*** Given data ***
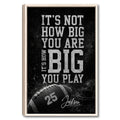 Framed football wall art with bold distressed typography, a football, and helmet on a dark background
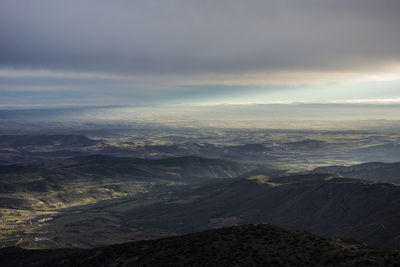 Aerial view of dramatic landscape against sky
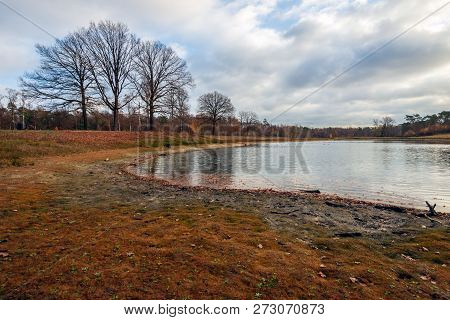 Largely Dried Up Lake After A Prolonged Drought In The Summer Period. It Is An Old Clay Quarry In Th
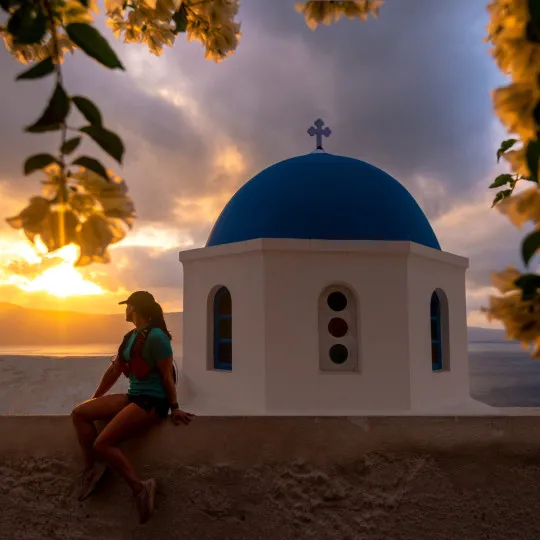 Woman sat on wall with white and blue building behind her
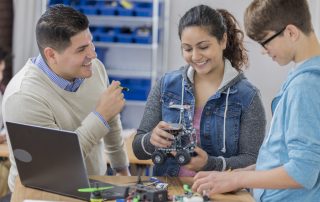 Diverse male and female high school students build a robot in technology class. A male teacher is helping them. Robot parts and a laptop are on the table.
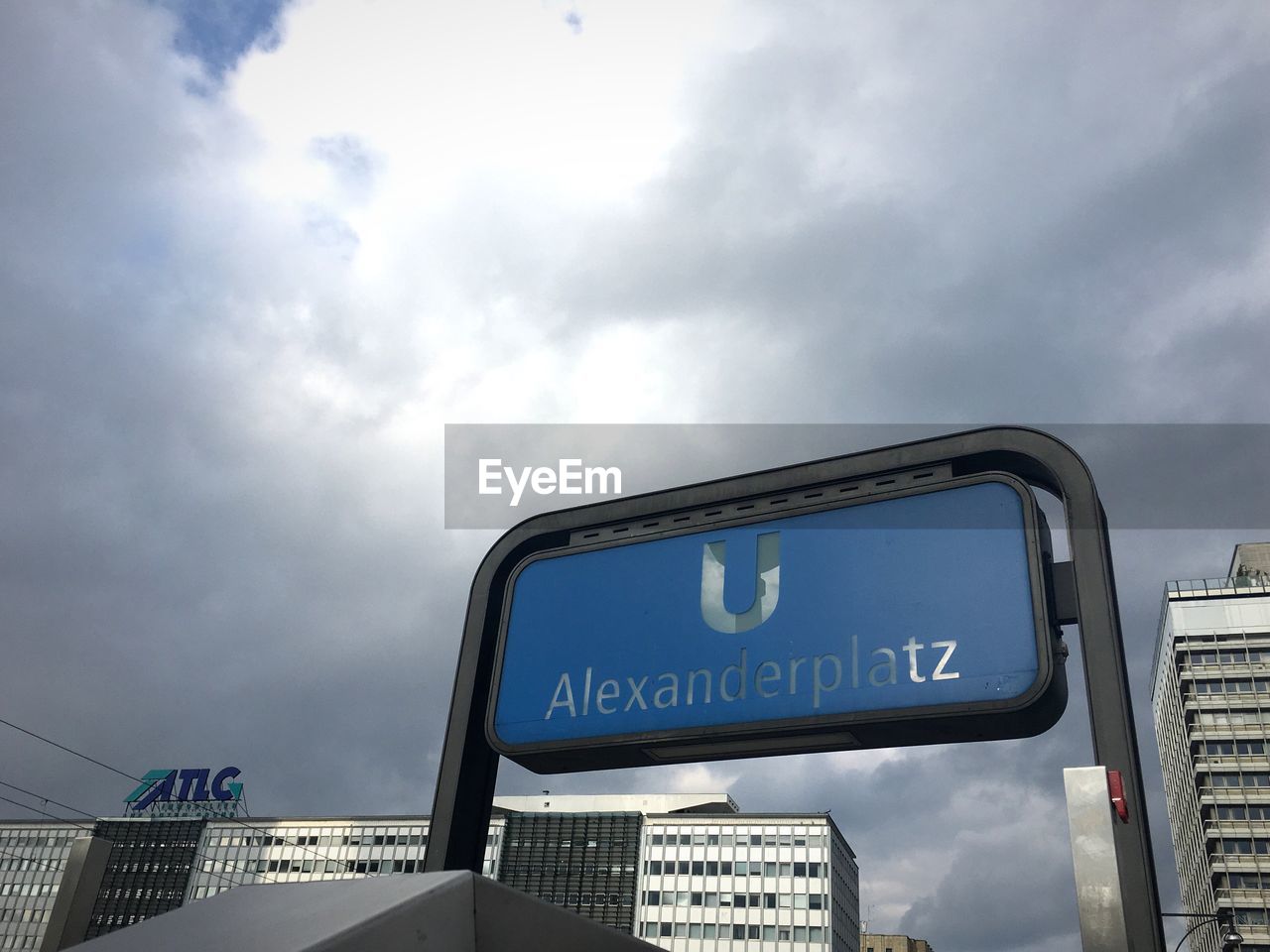 LOW ANGLE VIEW OF SIGN AGAINST SKY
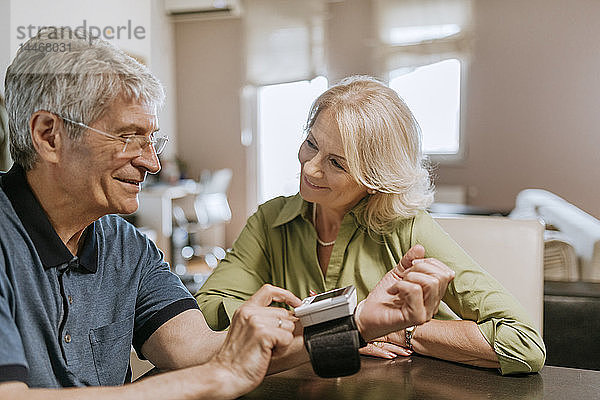 Lächelndes älteres Paar bei der Blutdruckmessung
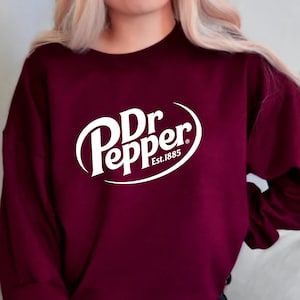 May include: A maroon sweatshirt featuring the Dr Pepper logo in white. The logo includes the brand name in a stylized font and the text "Est.1885". The sweatshirt is a solid color and has a crew neck.
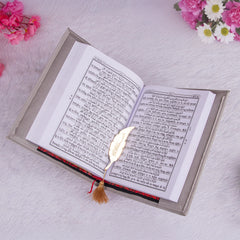 Open Holy Quran with Hindi translation and golden feather bookmark from the Velvet Quran Rehal Hamper. Inclusive religious gift for diverse readers.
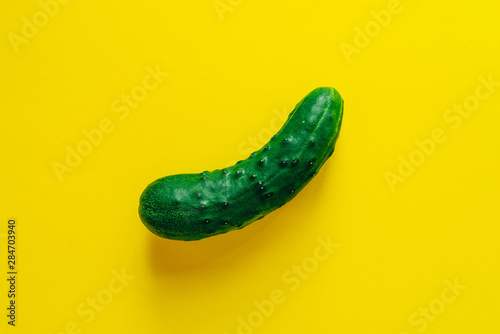 Fotografía One ripe cucumber on yellow background. Flat lay.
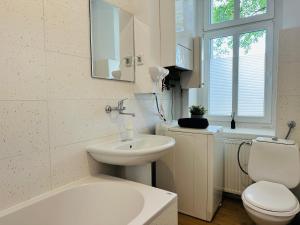a white bathroom with a sink and a toilet at Kwatery Oliwka in Sopot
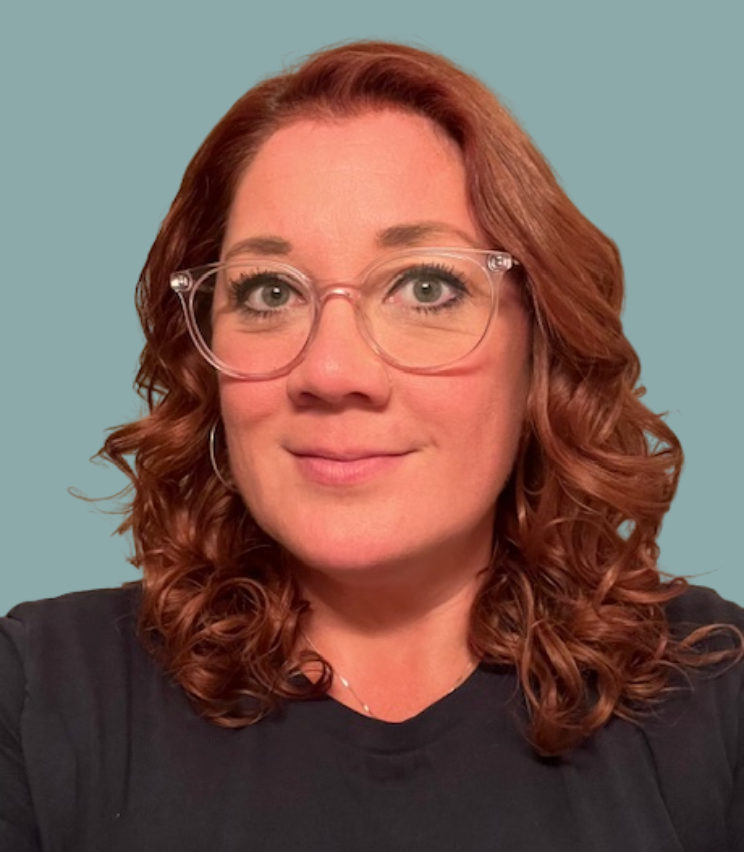 Photo of Lucy, smiling against a light teal background.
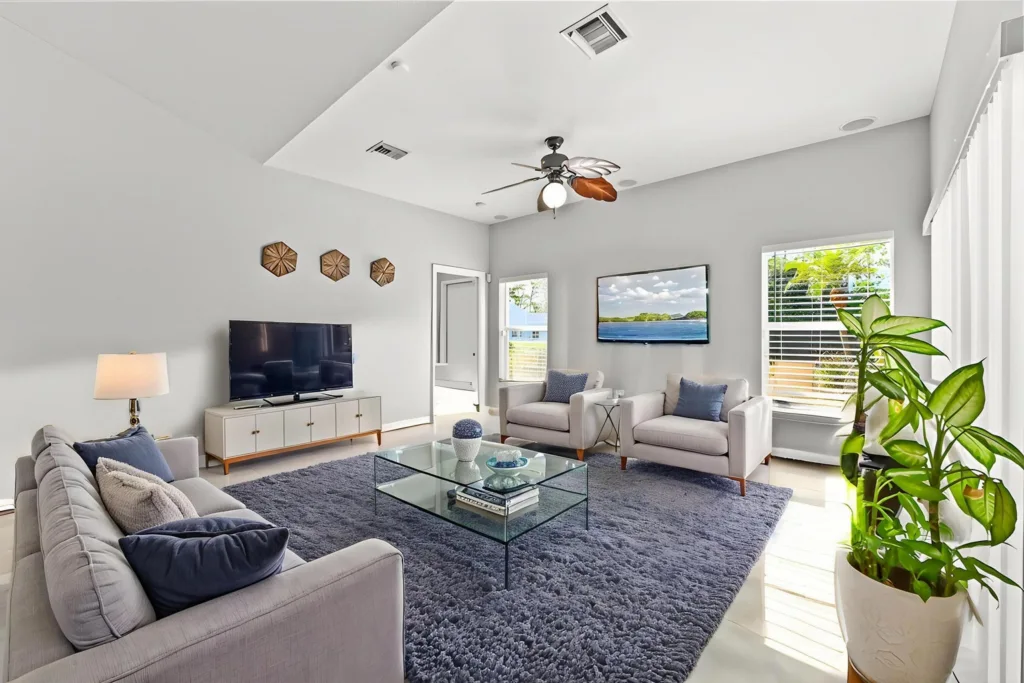Bright living room with gray walls, a three-seat sofa and two armchairs around a glass coffee table, TV on a white console, and a blue rug.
*** End of Given data ***
#### [Problem to work on]
What you should produce is an exact copy of the records, with the pictures left out.

#### [Result]
 Framed football wall art with bold distressed typography, a football, and helmet on a dark background
 Aerial view of dramatic landscape against sky
 Largely Dried Up Lake After A Prolonged Drought In The Summer Period. It Is An Old Clay Quarry In Th
 Woman sat on wall with white and blue building behind her
 Diverse male and female high school students build a robot in technology class. A male teacher is helping them. Robot parts and a laptop are on the table.
 LOW ANGLE VIEW OF SIGN AGAINST SKY
 Lächelndes älteres Paar bei der Blutdruckmessung
 May include: A maroon sweatshirt featuring the Dr Pepper logo in white. The logo includes the brand name in a stylized font and the text "Est.1885". The sweatshirt is a solid color and has a crew neck.
 Open Holy Quran with Hindi translation and golden feather bookmark from the Velvet Quran Rehal Hamper. Inclusive religious gift for diverse readers.
 Fotografía One ripe cucumber on yellow background. Flat lay.
a white bathroom with a sink and a toilet at Kwatery Oliwka in Sopot
 Photo of Lucy, smiling against a light teal background.
Bright living room with gray walls, a three-seat sofa and two armchairs around a glass coffee table, TV on a white console, and a blue rug.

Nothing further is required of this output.